A journey from trauma to authenticity
What is the Spiritual Abuse of Children?
What is the Spiritual Abuse of Children?

What is the Spiritual Abuse of Children?

I have been pondering, what is the spiritual abuse of children? And what are its effects? And what is a healthy spirituality characterised by?

Let’s start with what some churches give as the definition in their own safeguarding policies.

“Spiritual abuse is a form of emotional and psychological abuse. It is characterised by a systematic pattern of coercive and controlling behaviour in a religious context. Spiritual abuse can have a deeply damaging impact on those who experience it.
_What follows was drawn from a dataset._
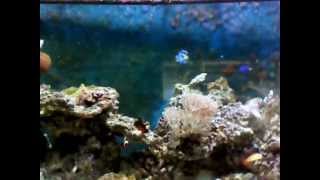 reef tank.alabama3, mansion on the hill.wmv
However, holding a theological position is not in itself inherently spiritually abusive, but misuse of scripture, applied theology and doctrine is often a component of spiritually abusive behaviour.” Thirtyone:eight position paper, UK church safeguarding organisation.

“Spiritual abuse generally refers to the misuse of a position of power, leadership or influence within a faith community in order to control members of that group… and can include using religious or spiritual beliefs to control any children in the household including controlling their religious life”.  Church of Scotland

“Spiritual abuse is psychological or emotional abuse within a religious context.  It is characterised by a systematic pattern of coercive and controlling behaviour in a religious context. It can include misusing scripture to coerce behaviour, coercing through censorship (silencing), requiring unquestioning obedience, using a sense of divine position to exert pressure to conform and suggesting this position is unchallengeable, enforced accountability, exclusion or isolation of individuals as a punishment for non-compliance, coercing behaviour through exploitation and manipulation, publicly shaming and humiliating individuals in order to control their behaviour, threats of spiritual consequences, and inappropriate mentoring relationships.” Church of England

“The inappropriate use of religious belief or practice; coercion and control of one individual by another in a spiritual context; the abuse of trust by someone in a position of spiritual authority (e.g. minister). The person experiences spiritual abuse as a deeply emotional personal attack.” Baptist Union England

Here are the voices of some children.

“I am 5 years old. I know I am a Christian, and that means I must evangelise my friends at school. I am different to them. I know Jesus. It is dangerous for me to make friends with them. They might lead me astray. They are all going to hell. I must save as many of them as I can. If I am too afraid to tell them about Jesus, I am a coward and I’m letting God down.”

“I must obey my parents all the time. God says I am wicked if I disobey or make them annoyed. I try to be perfect. But it is so hard. I know I am a miserable worm, and will never be good enough. But I have to keep trying, or I will end up in hell.”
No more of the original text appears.